▶ **WHAT YOU WILL DO**: Skip the pictures, and retype the data below in full, exactly.

(Beginning of INFORMATION PROVIDED)

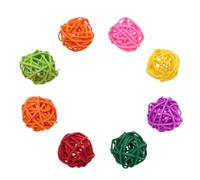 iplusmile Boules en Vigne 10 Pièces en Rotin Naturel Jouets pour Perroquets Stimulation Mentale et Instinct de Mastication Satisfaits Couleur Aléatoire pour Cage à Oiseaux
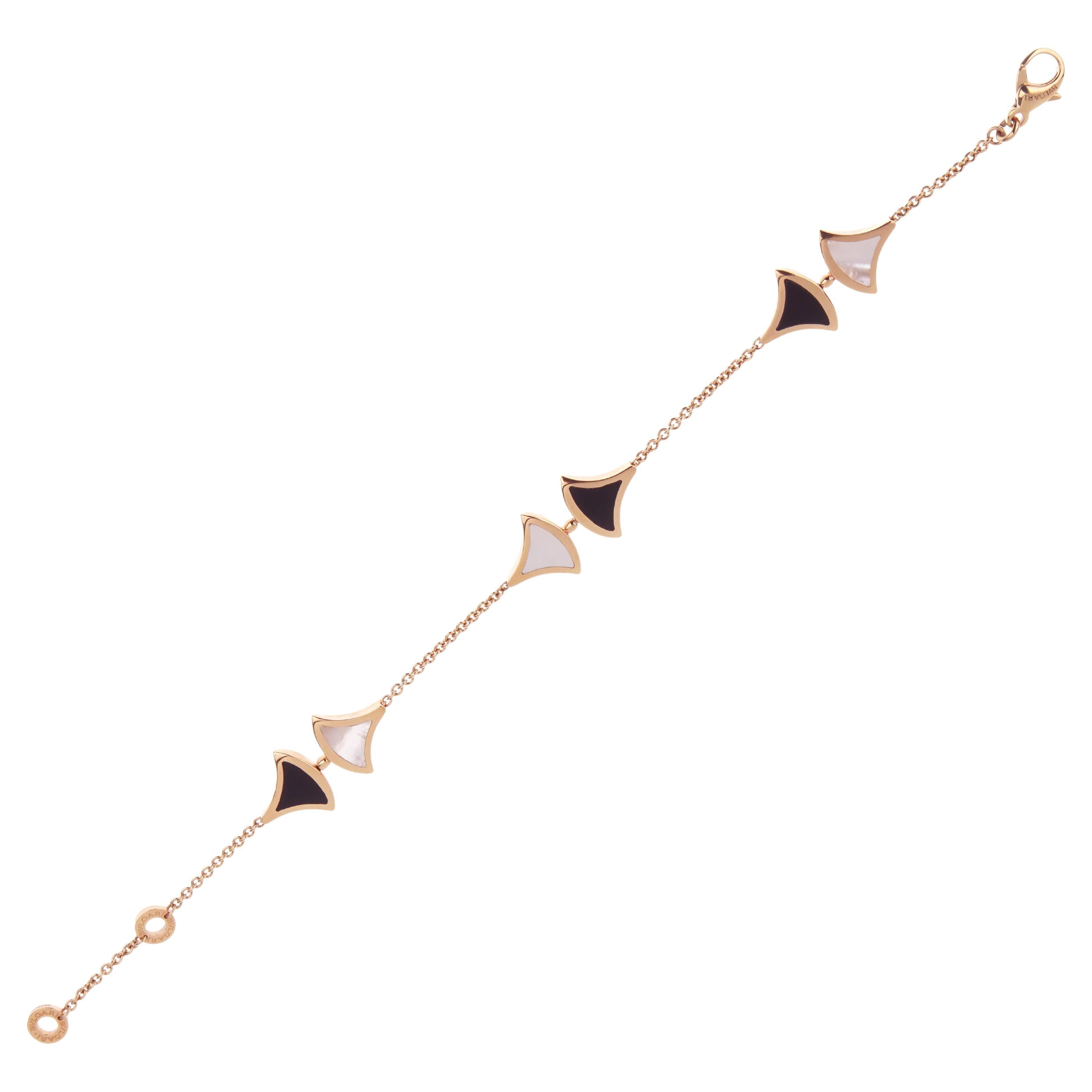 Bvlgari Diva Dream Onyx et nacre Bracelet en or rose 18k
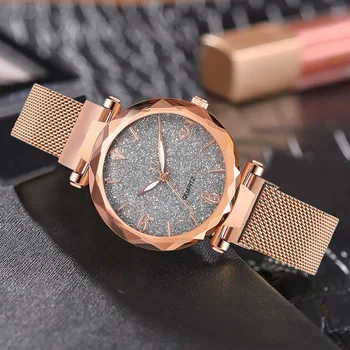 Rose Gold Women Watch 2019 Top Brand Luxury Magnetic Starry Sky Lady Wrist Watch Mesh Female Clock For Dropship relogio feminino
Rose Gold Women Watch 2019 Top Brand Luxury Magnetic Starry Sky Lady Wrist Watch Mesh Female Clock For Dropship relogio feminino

(End of INFORMATION PROVIDED)

▶ **RESULT BELOW**:
 iplusmile Boules en Vigne 10 Pièces en Rotin Naturel Jouets pour Perroquets Stimulation Mentale et Instinct de Mastication Satisfaits Couleur Aléatoire pour Cage à Oiseaux
 Bvlgari Diva Dream Onyx et nacre Bracelet en or rose 18k
 Rose Gold Women Watch 2019 Top Brand Luxury Magnetic Starry Sky Lady Wrist Watch Mesh Female Clock For Dropship relogio feminino
Rose Gold Women Watch 2019 Top Brand Luxury Magnetic Starry Sky Lady Wrist Watch Mesh Female Clock For Dropship relogio feminino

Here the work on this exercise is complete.